■ **Input records**:
-------

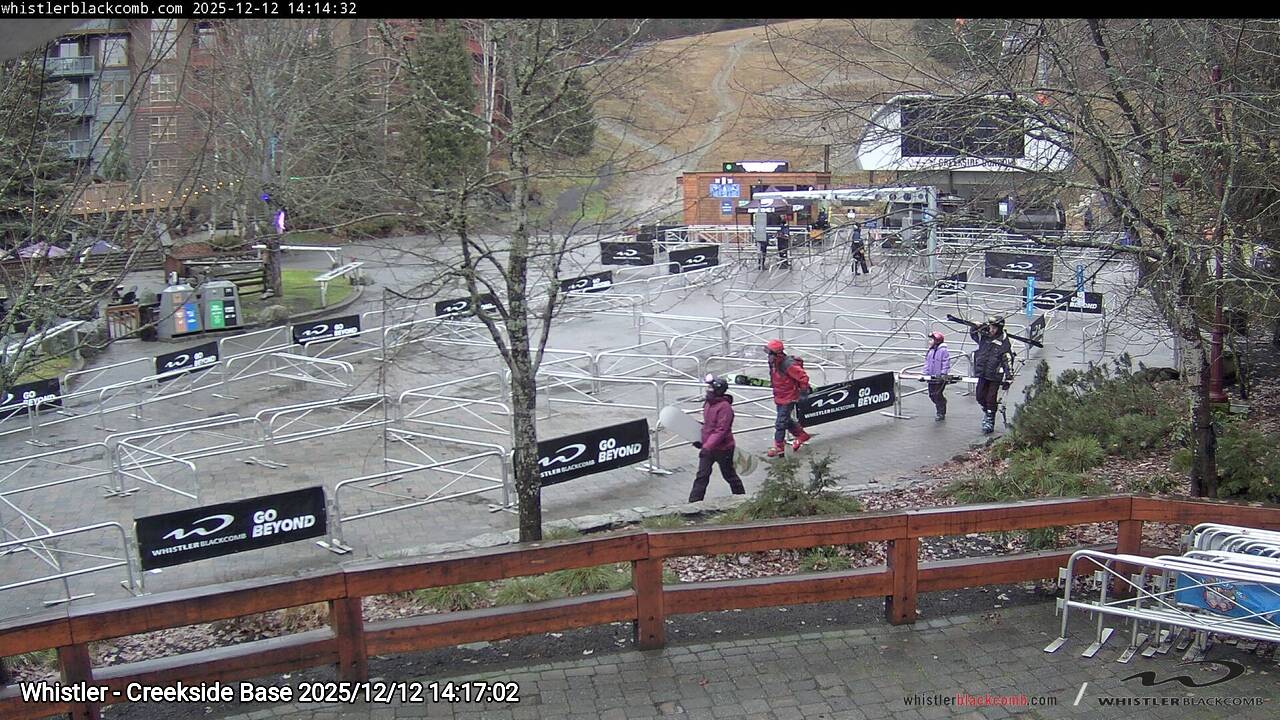 Webcam frame from Whistler - Creekside Base on 2025/12/12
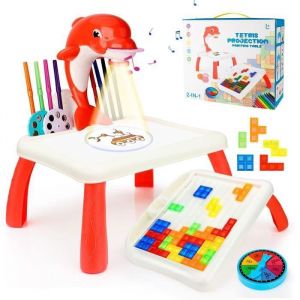 Table de Projecteur de Dessin pour Enfants Tableau Enfant avec Projecteur IntelligentJouet ducatif pour Enfants Roug TABLEAU ENFANT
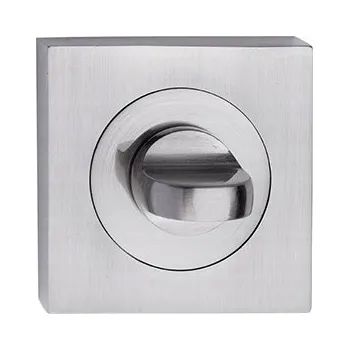 Dveřní kování Interiérová klika Metal-Bud Krátká, Čtvercová rozeta, Štít s WC zámkem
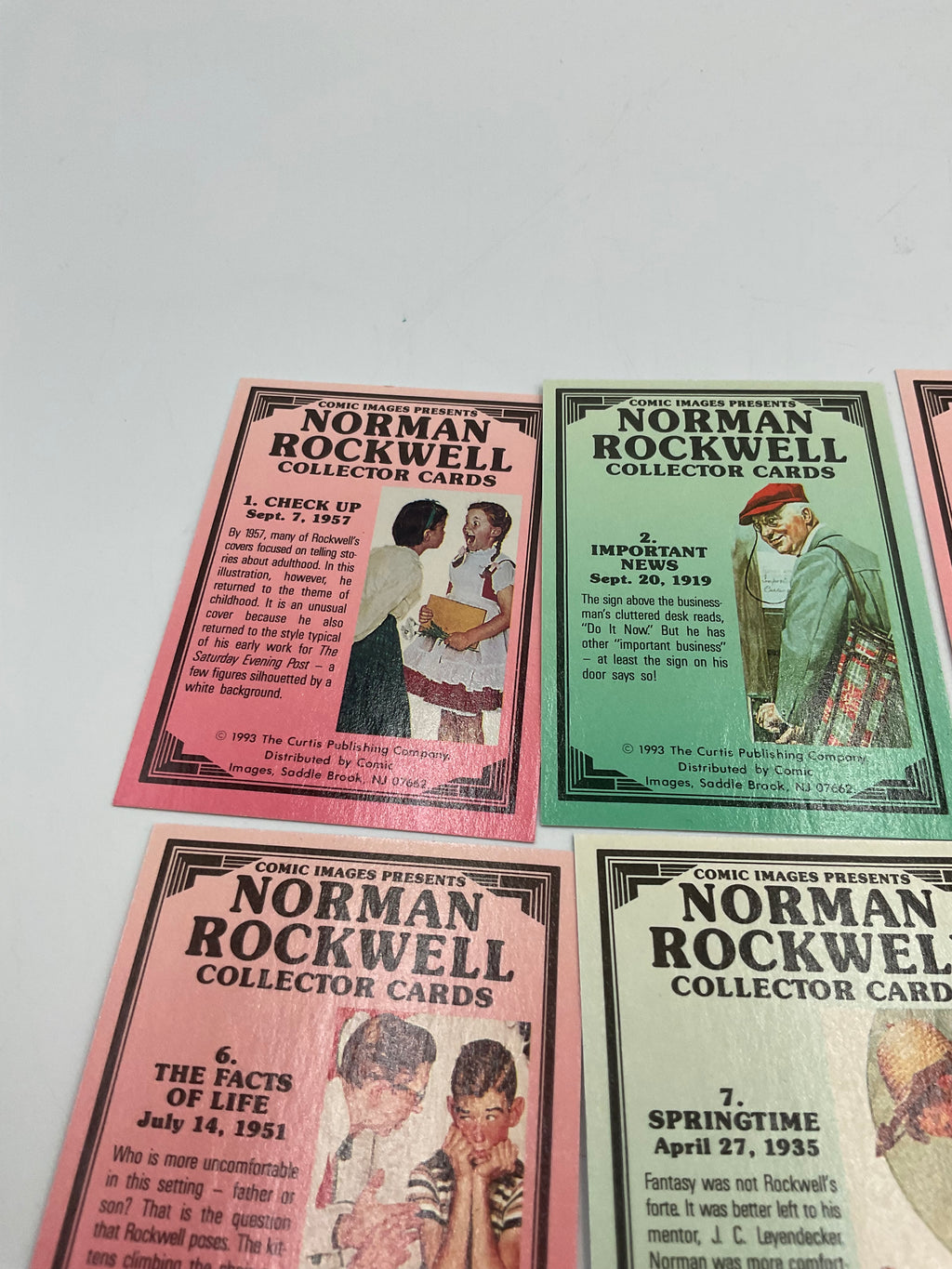 Lot 13 Vintage Norman Rockwell Promotional Cards Facts of Life 1993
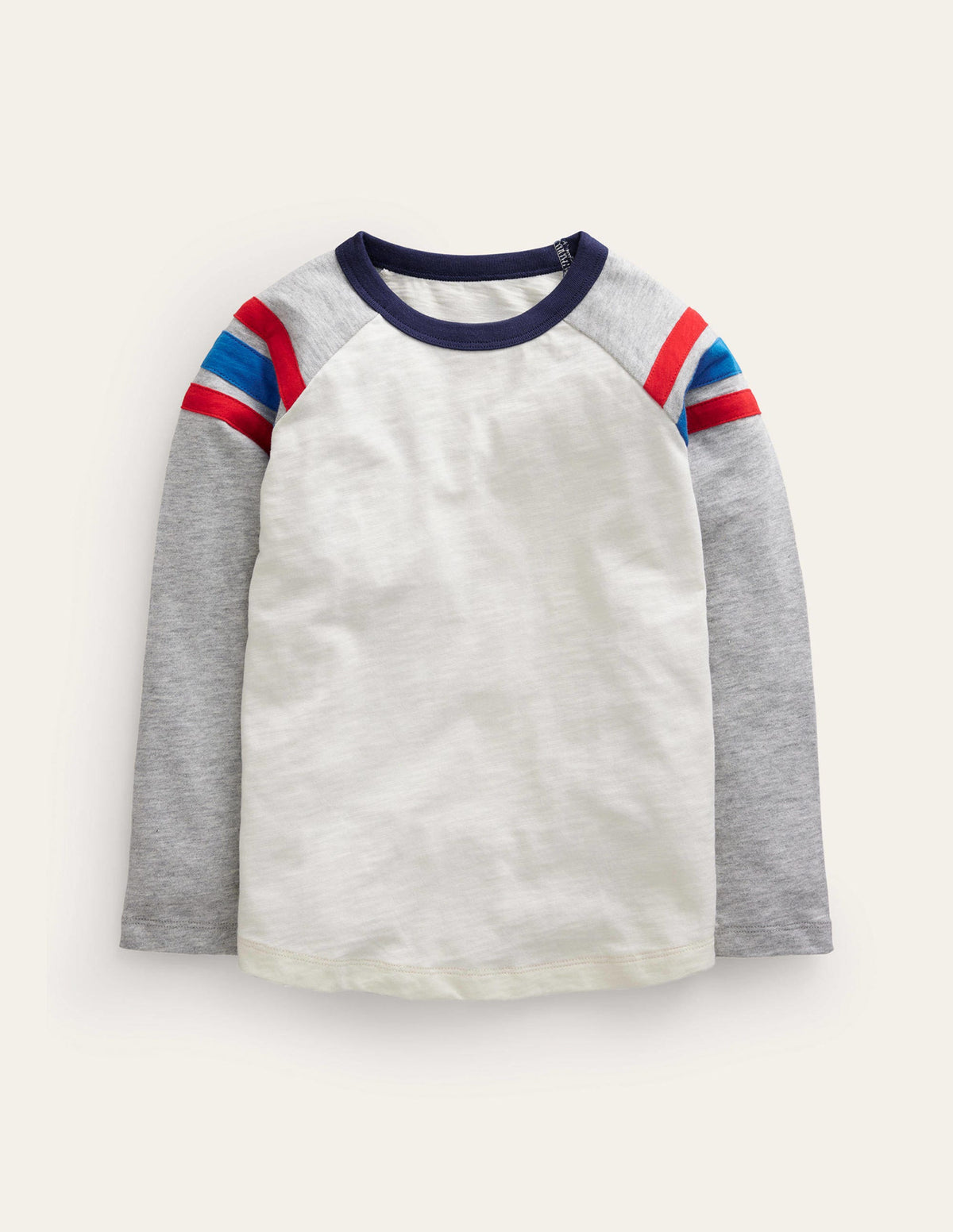 Long Sleeve Raglan T-shirt-Ivory/Grey Marl - Image 1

-------

■ **What the task asks**:
An exact copy of all the lines above is required, with the pictures removed.

■ **Written solution**:
 Webcam frame from Whistler - Creekside Base on 2025/12/12
 Table de Projecteur de Dessin pour Enfants Tableau Enfant avec Projecteur IntelligentJouet ducatif pour Enfants Roug TABLEAU ENFANT
 Dveřní kování Interiérová klika Metal-Bud Krátká, Čtvercová rozeta, Štít s WC zámkem
 Lot 13 Vintage Norman Rockwell Promotional Cards Facts of Life 1993
 Long Sleeve Raglan T-shirt-Ivory/Grey Marl - Image 1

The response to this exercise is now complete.